I was especially impressed by their dramatic and intense approach to Bartok’s second quartet. Heightened contrasts keep the opening movement from drooping, as it often does in weaker performances. The middle Allegro molto capriccioso showcases splendid ensemble playing. Throughout the work, the Quiroga gives phrases room to breathe, while still pressing relentlessly forward. The result is an arresting juxtaposition of Bartok’s desolation and manic commotion.
Alberto Ginastera’s String Quartet No. 1 contains many echoes of Bartok, not least in the sharp rhythms of opening Allegro violento ed agitato, played here with exhilaration. The Vivacissimo jitters along until it turns into something altogether more searing. The third movement, calmo e poetico, is a kind of Argentinian nachtmusik.
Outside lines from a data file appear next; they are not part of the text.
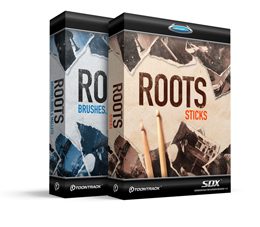 SDX Roots Bundle
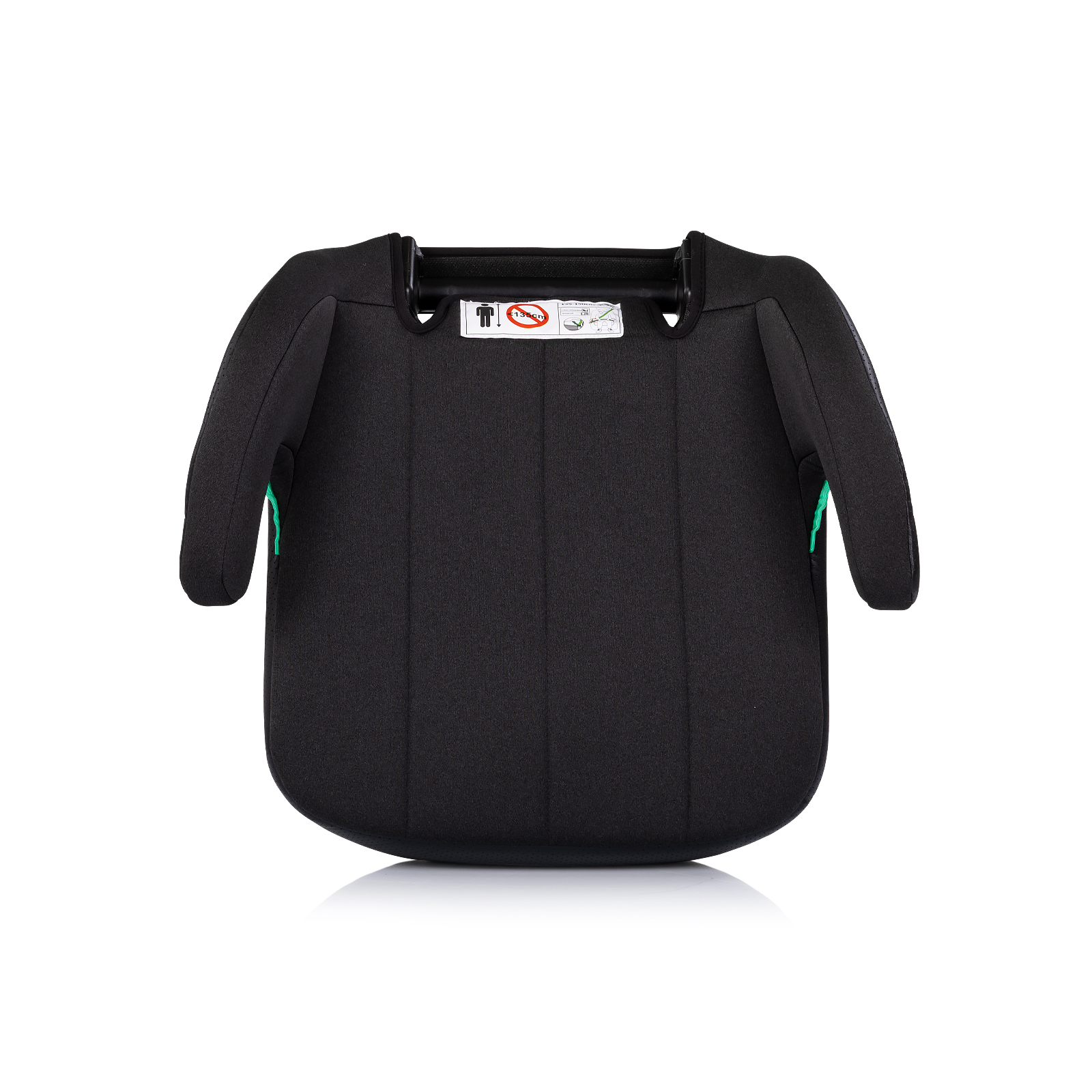 Стол за кола I-SIZE 100-150 CYBER черен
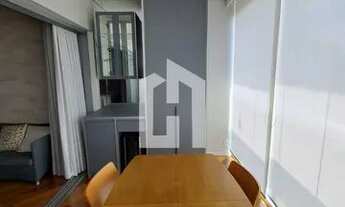 Imagem 6: Apartamento reformado a venda em Moema 1 quarto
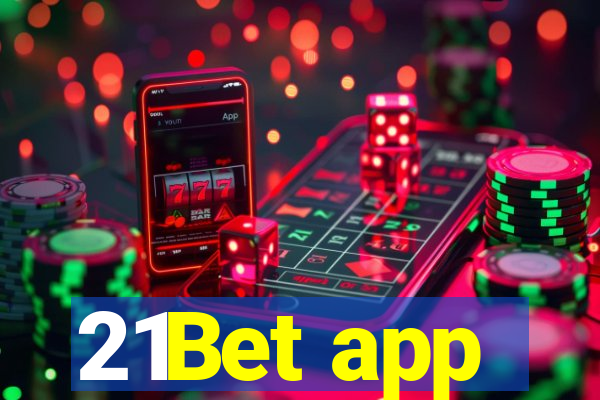 21Bet app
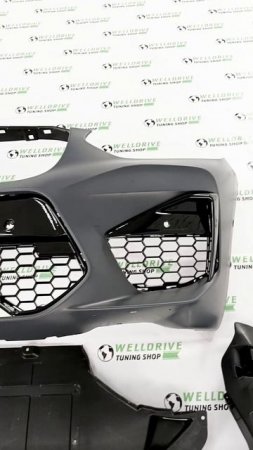Бампер передний в сборе BMW X3 G01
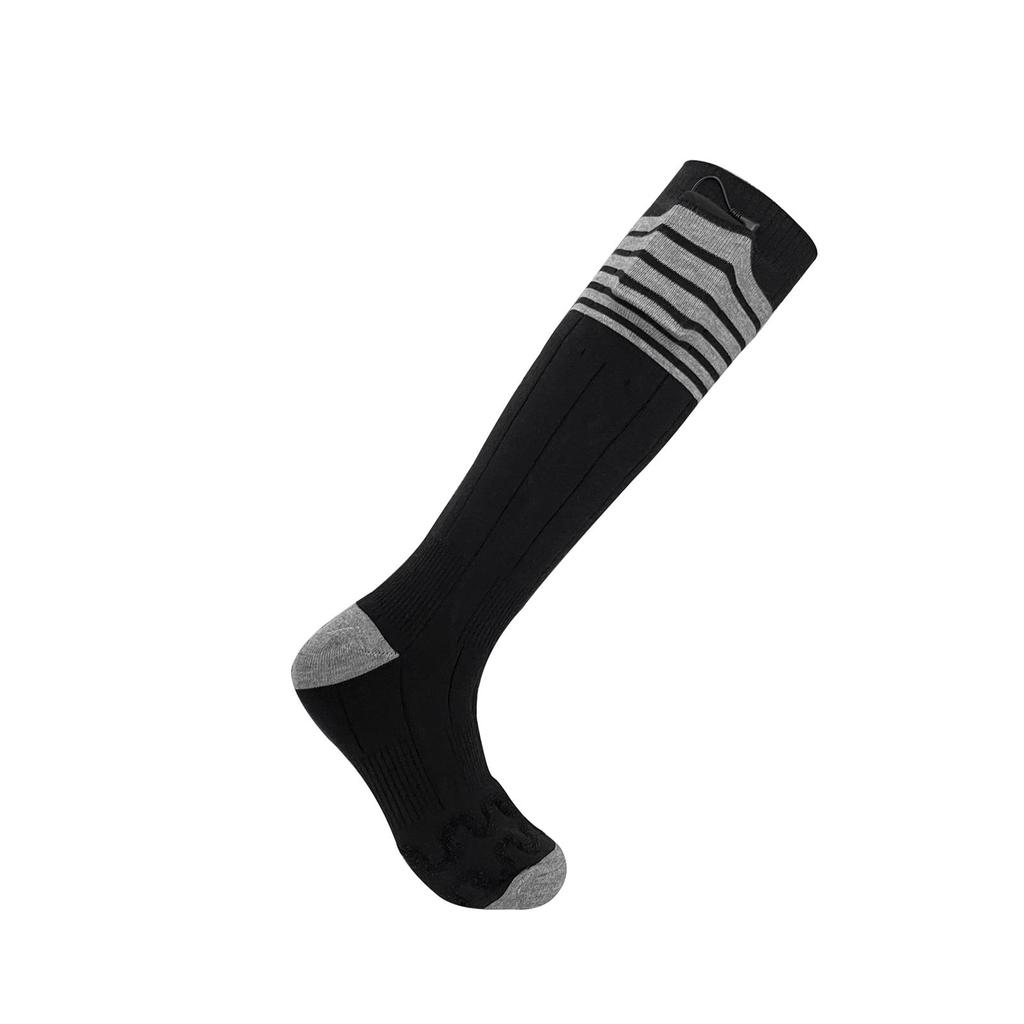 Heated Socks Winter Sports Thermal Long Battery Life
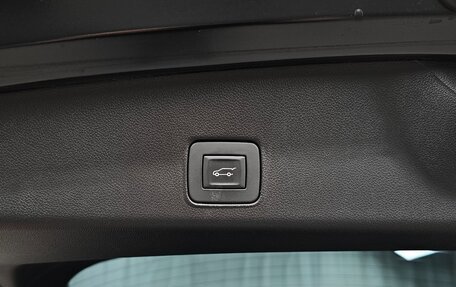 Chevrolet TrailBlazer, 2022 год, 1 690 000 рублей, 23 фотография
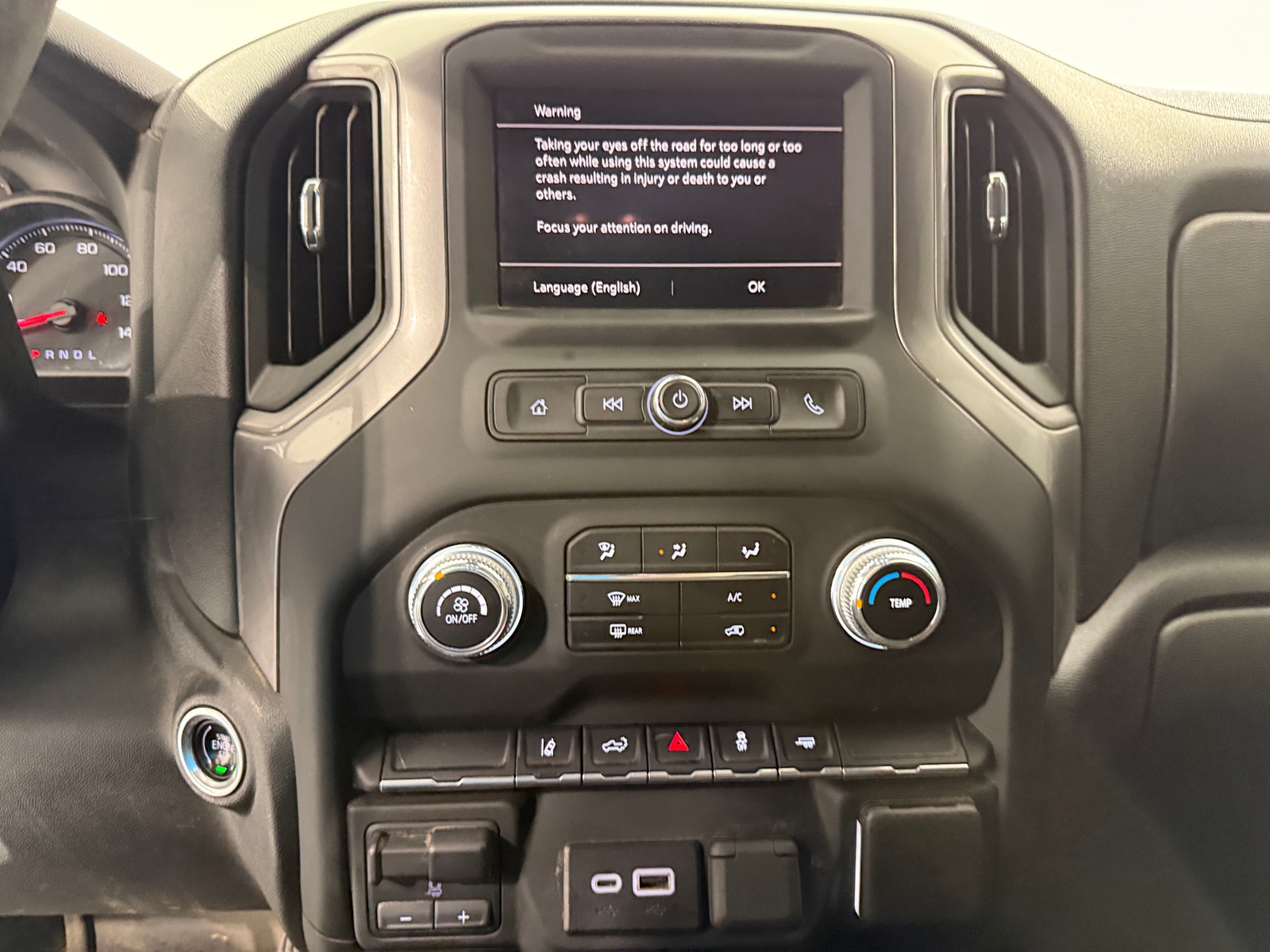 Thumbnail: 2024 GMC Sierra 3500 - 4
The closing Allegramente rustico deploys a fetching awkwardness and includes an extended pizzicato passage to remind you of Bartok one more time before a ringingly affirmative coda. The Quiroga does itself proud in this work, although I will hold on to my recording by the Cuarteto Latinamericano for its even more visceral excitement.
New to me is Rodolfo Halffter’s 1973 Ocho Tientos para cuarteto de cuerda. Halffter was on the losing side of the Spanish Civil War, and spent much of his career in exile in Mexico, where he is said to have introduced twelve-tone composition. “Tiento” is a Sixteenth Century Spanish form, counterpart to the fantasia. Halffter’s eight beguiling pieces are only about two minutes each, and draw upon Iberian musical traditions to fashion a modern composition that honours its renaissance antecedents. The work’s charm comes from its embrace of stylized gestures. The movements are untitled, but not much imagination is required to recognize I. as a ceremonious greeting. III. is an enthusiastic and joyous dance. IV. is courtly, inquisitive, and sorrowful. The slow melody of VII. might be a love song but for the forlorn accompaniment to this tiny serenade. The off-beat rhythms of VIII. signal a leave-taking that is bittersweet, yet formal. In spirit, the piece reminds me of Gian Francesco Malipiero’s 1920 String Quartet No. 1 (“Rispetti e Strambotti”). Malipiero is ardent where Halffter is cool, but both reach back to pre-baroque forms to fashion generally happy, yet highly ritualized music.
The Quiroga provide two encores. One is a delicately played group of Schubert Ländler. The second is a Galician carol, brilliantly arranged by the Quiroga’s Cibrán Sierra. What initially sounds to non-Iberians like an Irish jig quickly reveals itself in full Spanish splendor. The concluding section of the carol reminds you of the warm and detailed sound captured throughout this disc.